Melati-lezing Plaatsvervangend Commandant der Strijdkrachten

Toespraak bij de Melati-lezing door Plaatsvervangend Commandant der Strijdkrachten vice-admiraal Boudewijn Boots op 14 augustus 2022 in Den Haag.

Dames en heren,

Ik vind het een eer om u te mogen toespreken aan de vooravond van een bijzondere herdenking. De voorzitter heeft daar net al wat over verteld en ik hoop van harte – en daar ben ik ook wel van overtuigd – dat we dit jaar een nieuw en groter publiek zullen bereiken. Ik heb veel waardering voor de manier waarop de Stichting Nationale Herdenking 15 augustus 1945 steeds nieuwe initiatieven en manieren zoekt en vindt om meer mensen te betrekken bij deze herdenking. Neem bijvoorbeeld de krans van kunstenaar Willemien Nijman, bestaande uit honderden geborduurde Melati’s. Mensen konden hieraan bijdragen door zelf 1 of meerdere Melati’s te borduren met de ‘Melati doe-het-zelf-kit’. Het is dat mijn agenda nogal vol zat, anders had ik zelf ook nog wel naald en draad ter hand genomen…

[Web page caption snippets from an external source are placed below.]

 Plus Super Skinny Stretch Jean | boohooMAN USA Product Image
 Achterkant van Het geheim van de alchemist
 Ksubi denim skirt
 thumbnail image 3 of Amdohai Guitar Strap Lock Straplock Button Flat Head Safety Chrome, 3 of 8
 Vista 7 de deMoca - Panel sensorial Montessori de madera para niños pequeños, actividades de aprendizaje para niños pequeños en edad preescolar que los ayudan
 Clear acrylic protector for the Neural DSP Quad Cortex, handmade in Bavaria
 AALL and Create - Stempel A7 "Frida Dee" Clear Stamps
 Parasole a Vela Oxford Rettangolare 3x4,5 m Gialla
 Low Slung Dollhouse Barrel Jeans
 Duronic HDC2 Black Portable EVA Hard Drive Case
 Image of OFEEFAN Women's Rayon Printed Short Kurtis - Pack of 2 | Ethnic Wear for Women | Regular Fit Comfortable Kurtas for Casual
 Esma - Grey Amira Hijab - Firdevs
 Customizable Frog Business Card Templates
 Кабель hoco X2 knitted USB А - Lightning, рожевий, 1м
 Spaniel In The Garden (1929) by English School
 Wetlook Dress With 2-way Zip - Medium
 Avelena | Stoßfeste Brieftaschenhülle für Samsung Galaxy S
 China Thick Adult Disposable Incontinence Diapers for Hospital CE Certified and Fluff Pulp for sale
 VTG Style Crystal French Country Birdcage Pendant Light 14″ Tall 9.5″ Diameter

De herdenking van morgen speelt zich af na een jaar waarin veel te doen was rondom ons Indische verleden. Onze geschiedenis is nooit ‘voltooid verleden tijd’ en dat geldt zeker ook voor deze periode. Het blijft ons bezig houden en we zien dat het leidt tot verhitte discussie en helaas soms ook tot verwijdering tussen groepen. Dan denk ik bijvoorbeeld aan de commotie rondom het gebruik van de term ‘bersiap’ bij de tentoonstelling ‘Revolusi! Indonesië onafhankelijk’ in het Rijksmuseum. De manier waarop het Rijksmuseum hiermee omging, is volgens mij een voorbeeld van hoe we met dit soort kwesties kunnen omgaan. Het museum legde de term bersiap uit en voorzag dit van historische context. Ook in het programma rond de tentoonstelling kwam dit aan de orde. Zo waren er rondleiders aanwezig om met mensen die daar behoefte aan hadden in gesprek te gaan en extra uitleg te geven. Dit onderdeel was overigens mede mogelijk gemaakt door het fonds.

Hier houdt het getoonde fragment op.